Work task:
Without including any pictures, reproduce the full listing exactly.

Collected data:
-----
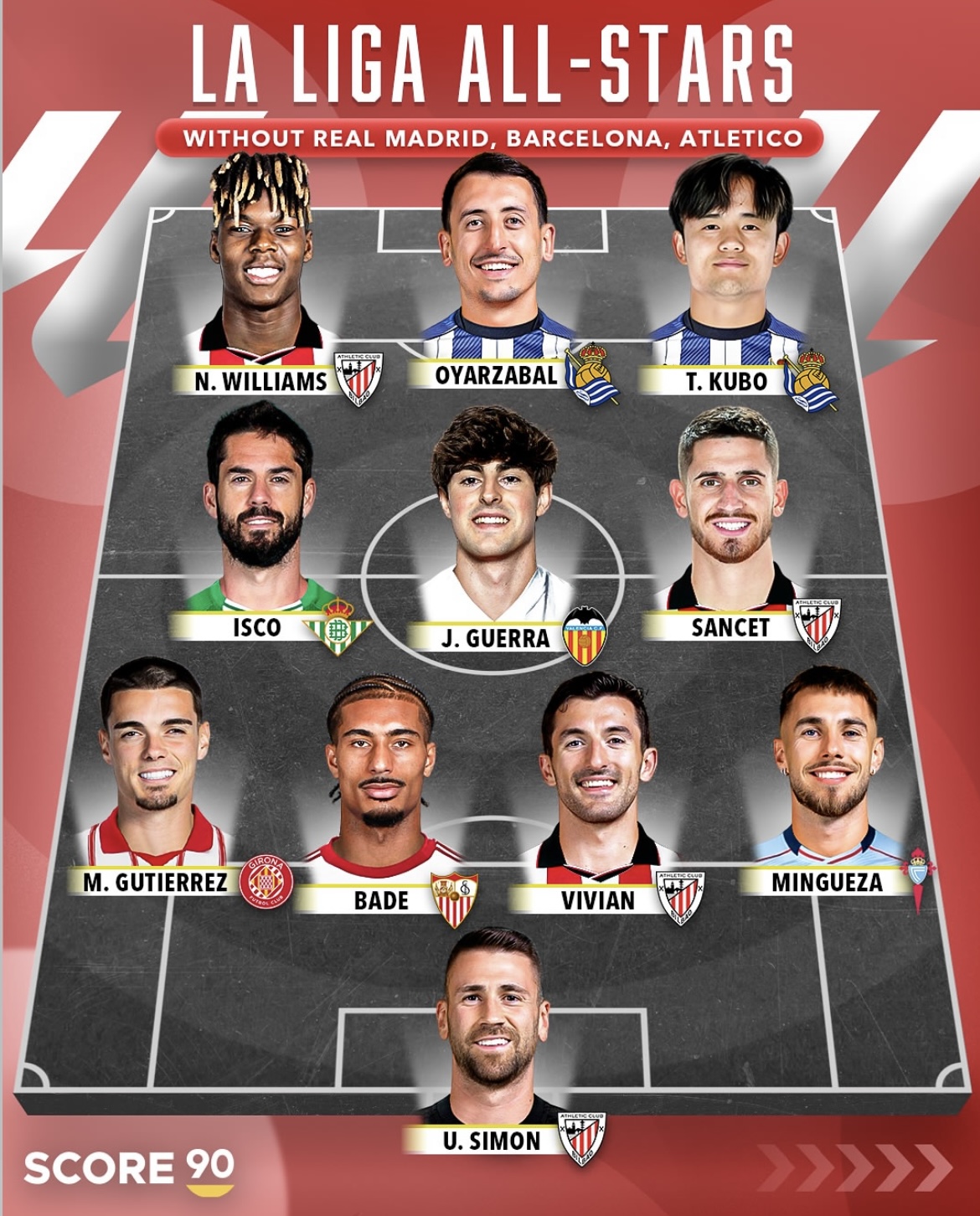 西甲一共有几轮_(西甲一共多少轮?) 第1张 西甲一共有几轮_(西甲一共多少轮?) 第1张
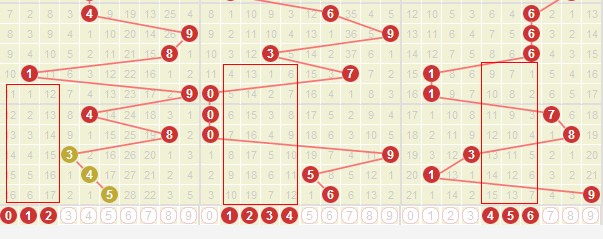 3D走势图带连线图专业版5分区的深度解析与应用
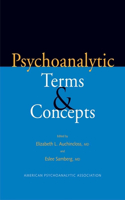 Psychoanalytic Terms & Concepts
-----
Answer:
 西甲一共有几轮_(西甲一共多少轮?) 第1张 西甲一共有几轮_(西甲一共多少轮?) 第1张
 3D走势图带连线图专业版5分区的深度解析与应用
 Psychoanalytic Terms & Concepts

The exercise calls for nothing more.